Forum Moderators: mack
Thank you.
[edited by: jatar_k at 6:39 pm (utc) on Jan. 11, 2007]
[edit reason] no urls thanks [/edit]
A search facility is an external program which communicates with the web site through "CGI". That is, it receives (via CGI) the search request from a web page form filled in by a reader, does a search, creates a results page, and sends (via CGI) the result page to the web server.
There are lots of free Perl scripts to do this widely available on the web, you can then adapt one to suit your own needs.
Matt
I'd tried using a script installed on my own server, but it overloaded the server. The script itself was fine; there were simply too many people (13K or so daily) trying to use it at once.

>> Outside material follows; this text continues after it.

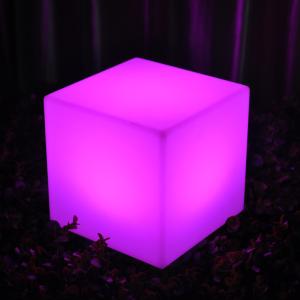Wholesale Muti-Color LED Illuminated Cube Stools 40 Cm Rechargeable Remote Control from china suppliers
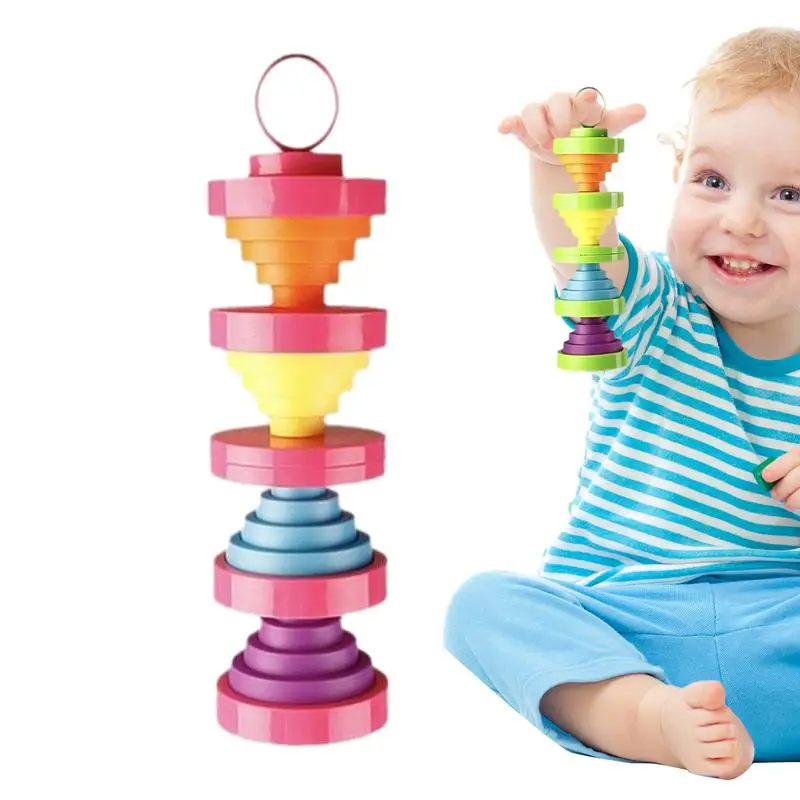 Fidget Stack Lantern Interactive Learning Toy Montessori Stacker Toy Carrot Tower Fidget Stacking Toy Educational Stackable Toy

If you have a small site, using your own script should be fine, but if your site is big or has heavy traffic, you might want to consider putting that "search" traffic on somebody else's server.
Eliz.
When it comes to searching, you basically have 4 choices:
Search Types:
HTTP Search
An HTTP Search is when the search actually uses your browser (or a simulacrum of it) and records the URI of your page. It does not access the files directly. This is important if you have a site full of active content, like PHP, Perl or ASP. This is usually the best and most secure way to search, but can be slower than a Filesystem Search.
One of the chief disadvantages of this search is that it can use a fair bit of bandwidth as it spiders through your site.
Filesystem Search
A Filesystem search actually goes through the files themselves (or your database), and constructs the URIs directly from your files. This can be the most powerful and efficient way to do it, but it can be very dangerous unless you do it correctly. I tend to use this type of search, but I'm a geek, so I can do it right. Here be dragons. It also needs to be run (usually) by code running on the server. It's not (usually) something that can be imposed by a third party.
Search Methods:
Realtime Search
The search is performed at the time the request is made. No data is indexed, and the searcher is made to wait for the results. Many blog packages use this.
Advantages:This is the easiest to implement and requires the least amount of involvement from you, the Webmaster. It can be the most "up to date" search, as well as the most complete, since all the data is being searched, not just a digest.
Disdvantages:However, this is the least efficient and slowest search. It is most useful on very small sites.
Indexed Search
At some regular interval, the search package actually scans through the site and builds an index, which is kept in some sort of database. There are all sorts of indexing methods that can vary in the size and specificity of the indexed data.
When a search request is made, the search package consults the index; not the site. For example, if the visitor asks for all pages containing "Frank N. Furter," then the package will return pages containing "Frank," "Furter" or "Frank N. Furter." (Usually one-letter choices are ignored). This depends upon how fancy the search package lets you get.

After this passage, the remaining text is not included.